When the Disciples of Christ movement was getting started, it was unique on the American church landscape for a number of reasons. For one thing, our movement rejected long detailed creedal statements as a test of fellowship. How can you boil down the mystery of faith into some formulas? Our founders said, “let’s just look in the New Testament, and do our best to follow the Way of Jesus Christ. Insisting on your own creed only divides people.” And so that is where we still stand, as just followers (disciples) of Jesus Christ, without requiring agreements on all the specific issues.
Another of our major emphases was baptism. And unlike most of the rest of the churches, we decided that baptism was most appropriately the act of an adult, or nearly adult believer. Although many other churches baptize infants by sprinkling water on them, we baptize by immersion. Baptism by immersion has proved for generations to be a powerful memory that inspires believers for the rest of their lives. Most commonly in the New Testament, baptism happened when an adult heard a gospel message and wanted to take a step of obedience in response to that message. One of the most well-known examples is the story of the Ethiopian eunuch. This man, whose name we are never told, travels to Jerusalem to worship the God of Israel. But he leaves to go home to Africa still spiritually unfulfilled. As he travels, he meets the Apostle Philip, and Philip teaches him about Jesus. The Ethiopian receives his word with whole-hearted commitment. He knows that this is what his heart has searched for all of his life. So as the two travel, he says, “Here is water What is to prevent me from being baptized?” And Philip takes him into the water and immersed him.
Even still, the amount of water was not the only big thing. For us as disciples, we think about baptism as being a big step of commitment. It is the time when we make our statement, “I have decided to follow Jesus.

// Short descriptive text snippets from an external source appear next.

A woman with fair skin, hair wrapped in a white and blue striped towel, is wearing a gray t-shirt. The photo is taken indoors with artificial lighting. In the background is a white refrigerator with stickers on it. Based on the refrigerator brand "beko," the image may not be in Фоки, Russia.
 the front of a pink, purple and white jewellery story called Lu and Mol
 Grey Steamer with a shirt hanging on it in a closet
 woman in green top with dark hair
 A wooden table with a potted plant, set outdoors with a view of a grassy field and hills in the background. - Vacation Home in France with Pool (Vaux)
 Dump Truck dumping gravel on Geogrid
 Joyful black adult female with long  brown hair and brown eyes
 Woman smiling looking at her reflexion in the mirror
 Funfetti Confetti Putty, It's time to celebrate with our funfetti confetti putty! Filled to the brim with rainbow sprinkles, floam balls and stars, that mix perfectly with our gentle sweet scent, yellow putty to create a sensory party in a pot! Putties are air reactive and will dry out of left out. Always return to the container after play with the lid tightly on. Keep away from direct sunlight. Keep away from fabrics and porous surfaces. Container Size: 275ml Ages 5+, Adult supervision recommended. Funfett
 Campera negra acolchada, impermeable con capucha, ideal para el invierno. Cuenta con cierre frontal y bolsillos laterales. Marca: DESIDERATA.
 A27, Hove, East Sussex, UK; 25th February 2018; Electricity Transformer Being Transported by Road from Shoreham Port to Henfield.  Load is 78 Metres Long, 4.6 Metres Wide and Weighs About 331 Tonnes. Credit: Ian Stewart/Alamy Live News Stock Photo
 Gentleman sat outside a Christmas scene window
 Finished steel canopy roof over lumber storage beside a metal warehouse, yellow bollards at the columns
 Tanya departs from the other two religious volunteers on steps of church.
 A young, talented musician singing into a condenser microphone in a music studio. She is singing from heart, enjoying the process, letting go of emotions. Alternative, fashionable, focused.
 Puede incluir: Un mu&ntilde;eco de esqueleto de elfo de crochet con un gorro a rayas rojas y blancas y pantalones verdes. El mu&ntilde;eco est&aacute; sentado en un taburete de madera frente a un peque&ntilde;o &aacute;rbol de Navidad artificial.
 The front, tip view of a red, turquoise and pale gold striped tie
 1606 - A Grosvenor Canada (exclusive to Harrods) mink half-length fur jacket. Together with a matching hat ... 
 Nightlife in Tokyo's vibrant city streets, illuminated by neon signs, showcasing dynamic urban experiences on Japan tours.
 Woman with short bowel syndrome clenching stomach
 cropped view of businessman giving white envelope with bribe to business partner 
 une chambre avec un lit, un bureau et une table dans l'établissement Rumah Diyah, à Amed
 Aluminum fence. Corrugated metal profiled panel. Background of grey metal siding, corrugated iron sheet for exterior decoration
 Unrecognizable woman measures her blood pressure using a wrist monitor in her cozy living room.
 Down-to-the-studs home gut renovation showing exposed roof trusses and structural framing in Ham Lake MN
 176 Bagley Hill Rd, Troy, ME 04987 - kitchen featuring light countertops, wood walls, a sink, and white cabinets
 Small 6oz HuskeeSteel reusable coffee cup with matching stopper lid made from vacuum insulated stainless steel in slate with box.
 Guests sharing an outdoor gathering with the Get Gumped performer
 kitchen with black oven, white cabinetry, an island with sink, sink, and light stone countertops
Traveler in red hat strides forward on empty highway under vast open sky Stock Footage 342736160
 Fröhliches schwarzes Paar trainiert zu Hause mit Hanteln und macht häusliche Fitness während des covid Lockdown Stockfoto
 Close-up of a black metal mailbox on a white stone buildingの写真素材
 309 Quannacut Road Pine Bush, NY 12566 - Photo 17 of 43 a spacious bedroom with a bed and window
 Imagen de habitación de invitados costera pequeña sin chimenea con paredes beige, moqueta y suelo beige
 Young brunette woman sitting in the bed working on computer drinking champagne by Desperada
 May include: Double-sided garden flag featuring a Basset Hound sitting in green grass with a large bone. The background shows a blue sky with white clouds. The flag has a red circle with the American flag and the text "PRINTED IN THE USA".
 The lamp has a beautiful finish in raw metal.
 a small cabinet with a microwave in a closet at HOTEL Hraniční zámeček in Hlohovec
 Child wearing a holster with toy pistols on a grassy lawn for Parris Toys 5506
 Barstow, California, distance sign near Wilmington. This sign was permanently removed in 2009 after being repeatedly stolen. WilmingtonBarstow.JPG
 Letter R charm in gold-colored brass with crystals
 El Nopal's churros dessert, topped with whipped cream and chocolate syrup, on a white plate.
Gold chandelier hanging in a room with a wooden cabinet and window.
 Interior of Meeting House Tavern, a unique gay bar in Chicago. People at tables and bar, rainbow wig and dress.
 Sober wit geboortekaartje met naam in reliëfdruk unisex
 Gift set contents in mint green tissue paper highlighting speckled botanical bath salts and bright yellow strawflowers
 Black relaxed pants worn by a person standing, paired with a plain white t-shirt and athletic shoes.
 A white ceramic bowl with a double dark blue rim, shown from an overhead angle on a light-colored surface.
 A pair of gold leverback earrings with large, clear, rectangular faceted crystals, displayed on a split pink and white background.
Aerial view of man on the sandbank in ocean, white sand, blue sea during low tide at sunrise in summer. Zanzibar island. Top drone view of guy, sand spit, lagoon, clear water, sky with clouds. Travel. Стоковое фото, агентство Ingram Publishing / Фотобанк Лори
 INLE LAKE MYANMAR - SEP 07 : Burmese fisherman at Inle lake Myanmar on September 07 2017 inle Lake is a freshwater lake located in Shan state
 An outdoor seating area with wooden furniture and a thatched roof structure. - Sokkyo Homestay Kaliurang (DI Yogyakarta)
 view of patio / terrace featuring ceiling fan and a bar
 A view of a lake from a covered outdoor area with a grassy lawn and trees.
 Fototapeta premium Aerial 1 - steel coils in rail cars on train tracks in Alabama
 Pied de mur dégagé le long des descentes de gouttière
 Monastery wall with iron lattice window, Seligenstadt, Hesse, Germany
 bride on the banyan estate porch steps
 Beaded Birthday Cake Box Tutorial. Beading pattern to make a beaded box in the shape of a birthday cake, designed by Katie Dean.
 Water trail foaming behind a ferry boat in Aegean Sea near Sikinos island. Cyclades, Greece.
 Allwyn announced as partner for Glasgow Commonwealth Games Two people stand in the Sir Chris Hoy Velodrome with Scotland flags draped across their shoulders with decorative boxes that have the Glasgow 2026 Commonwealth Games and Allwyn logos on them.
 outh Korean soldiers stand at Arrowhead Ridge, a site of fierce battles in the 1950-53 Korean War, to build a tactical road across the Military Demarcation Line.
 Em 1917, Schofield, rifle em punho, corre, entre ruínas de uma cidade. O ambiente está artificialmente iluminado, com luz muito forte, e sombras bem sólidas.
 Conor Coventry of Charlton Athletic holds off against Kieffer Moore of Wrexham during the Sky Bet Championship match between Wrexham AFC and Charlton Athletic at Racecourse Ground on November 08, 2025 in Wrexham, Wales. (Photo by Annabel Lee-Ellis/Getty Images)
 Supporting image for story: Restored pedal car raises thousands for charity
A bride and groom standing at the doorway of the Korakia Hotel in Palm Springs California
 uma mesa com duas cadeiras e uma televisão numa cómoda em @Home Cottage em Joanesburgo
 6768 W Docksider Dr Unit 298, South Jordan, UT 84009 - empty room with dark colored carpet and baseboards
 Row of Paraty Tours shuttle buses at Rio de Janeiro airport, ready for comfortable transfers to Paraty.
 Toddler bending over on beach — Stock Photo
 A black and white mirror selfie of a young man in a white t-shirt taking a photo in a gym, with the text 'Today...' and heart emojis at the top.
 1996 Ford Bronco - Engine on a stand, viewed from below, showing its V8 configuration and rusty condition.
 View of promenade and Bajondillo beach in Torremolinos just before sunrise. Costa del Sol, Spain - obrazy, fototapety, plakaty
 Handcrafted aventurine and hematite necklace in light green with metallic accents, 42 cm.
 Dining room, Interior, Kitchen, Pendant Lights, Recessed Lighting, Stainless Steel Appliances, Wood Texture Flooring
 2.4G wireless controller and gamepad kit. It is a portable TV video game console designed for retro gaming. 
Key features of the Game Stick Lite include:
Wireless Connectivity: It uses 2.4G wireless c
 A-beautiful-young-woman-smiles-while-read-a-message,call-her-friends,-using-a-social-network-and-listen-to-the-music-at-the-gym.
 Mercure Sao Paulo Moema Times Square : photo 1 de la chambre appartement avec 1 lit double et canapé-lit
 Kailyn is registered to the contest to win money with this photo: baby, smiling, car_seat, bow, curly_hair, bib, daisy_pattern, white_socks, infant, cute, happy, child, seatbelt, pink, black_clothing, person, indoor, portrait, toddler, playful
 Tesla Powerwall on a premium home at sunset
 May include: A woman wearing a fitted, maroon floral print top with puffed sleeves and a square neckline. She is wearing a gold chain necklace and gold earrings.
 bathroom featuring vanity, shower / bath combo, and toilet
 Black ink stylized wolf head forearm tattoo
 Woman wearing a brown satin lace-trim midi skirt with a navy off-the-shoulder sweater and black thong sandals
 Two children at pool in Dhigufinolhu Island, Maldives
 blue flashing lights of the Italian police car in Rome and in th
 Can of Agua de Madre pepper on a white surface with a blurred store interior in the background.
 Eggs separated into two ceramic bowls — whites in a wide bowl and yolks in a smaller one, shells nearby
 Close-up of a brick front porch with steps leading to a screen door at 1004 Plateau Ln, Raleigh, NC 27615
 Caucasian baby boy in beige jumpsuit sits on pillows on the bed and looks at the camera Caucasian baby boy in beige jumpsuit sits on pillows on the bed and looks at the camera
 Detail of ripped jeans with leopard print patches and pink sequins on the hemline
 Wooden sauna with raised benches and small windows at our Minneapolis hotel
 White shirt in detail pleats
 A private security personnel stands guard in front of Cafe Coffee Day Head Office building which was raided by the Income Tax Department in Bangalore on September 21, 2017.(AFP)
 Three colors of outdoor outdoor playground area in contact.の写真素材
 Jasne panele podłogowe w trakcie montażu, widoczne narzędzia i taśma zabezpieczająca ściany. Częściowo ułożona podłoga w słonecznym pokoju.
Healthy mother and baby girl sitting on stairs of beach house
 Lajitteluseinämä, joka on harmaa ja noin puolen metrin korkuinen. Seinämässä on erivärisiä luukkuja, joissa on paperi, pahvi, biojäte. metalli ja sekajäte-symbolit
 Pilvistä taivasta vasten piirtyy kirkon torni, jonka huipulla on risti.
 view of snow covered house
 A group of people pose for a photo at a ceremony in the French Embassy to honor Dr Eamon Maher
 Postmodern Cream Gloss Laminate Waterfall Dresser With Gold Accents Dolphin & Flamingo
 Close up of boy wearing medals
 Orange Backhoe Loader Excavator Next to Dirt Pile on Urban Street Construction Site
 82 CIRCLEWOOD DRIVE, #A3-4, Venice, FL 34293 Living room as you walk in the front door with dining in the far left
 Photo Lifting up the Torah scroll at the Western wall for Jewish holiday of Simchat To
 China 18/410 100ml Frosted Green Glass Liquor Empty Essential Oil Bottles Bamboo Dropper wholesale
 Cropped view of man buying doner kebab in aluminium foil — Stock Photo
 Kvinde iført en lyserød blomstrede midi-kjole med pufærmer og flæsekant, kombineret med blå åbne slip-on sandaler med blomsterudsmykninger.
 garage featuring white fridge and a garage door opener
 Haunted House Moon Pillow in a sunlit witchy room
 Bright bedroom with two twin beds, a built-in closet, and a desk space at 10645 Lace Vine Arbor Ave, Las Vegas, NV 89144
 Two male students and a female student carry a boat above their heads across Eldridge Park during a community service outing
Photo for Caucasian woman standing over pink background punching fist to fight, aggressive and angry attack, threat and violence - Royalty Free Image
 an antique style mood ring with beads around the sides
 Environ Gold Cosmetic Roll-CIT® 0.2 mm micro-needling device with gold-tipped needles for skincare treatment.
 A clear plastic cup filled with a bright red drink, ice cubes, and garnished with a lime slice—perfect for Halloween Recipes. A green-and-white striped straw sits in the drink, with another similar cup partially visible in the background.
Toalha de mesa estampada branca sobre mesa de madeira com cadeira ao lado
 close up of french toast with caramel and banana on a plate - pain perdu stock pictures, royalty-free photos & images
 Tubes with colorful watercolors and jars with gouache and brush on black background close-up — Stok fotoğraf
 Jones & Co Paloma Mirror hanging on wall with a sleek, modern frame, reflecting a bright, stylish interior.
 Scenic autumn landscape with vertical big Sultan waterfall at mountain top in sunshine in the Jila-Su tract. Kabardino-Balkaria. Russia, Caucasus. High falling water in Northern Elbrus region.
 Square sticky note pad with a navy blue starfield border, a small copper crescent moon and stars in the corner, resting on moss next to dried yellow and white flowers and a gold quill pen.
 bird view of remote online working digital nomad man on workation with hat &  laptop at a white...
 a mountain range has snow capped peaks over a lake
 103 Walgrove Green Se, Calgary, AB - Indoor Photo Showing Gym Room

I am going to wash away all that has been and allow God to create in me a new life.” And that statement can only truly be made by people who are old enough to think about their lives and to understand how big a choice that is. It isn’t like, “Do I want a peanut butter and jelly or turkey sandwich?” This is a once and for all choice that henceforth, you have set a new path.
Although it is common that people are baptized as teenagers or young adults, our church rejoices whenever anyone steps into the waters of new life. On Sunday, August 30, after livestream worship, we will be celebrating the baptism of Peggy Gilmore at the Snyder home, 1541 39th Street. Even though we will not be able to gather as the full community of faith, we hope that you will surround her with prayer at that time.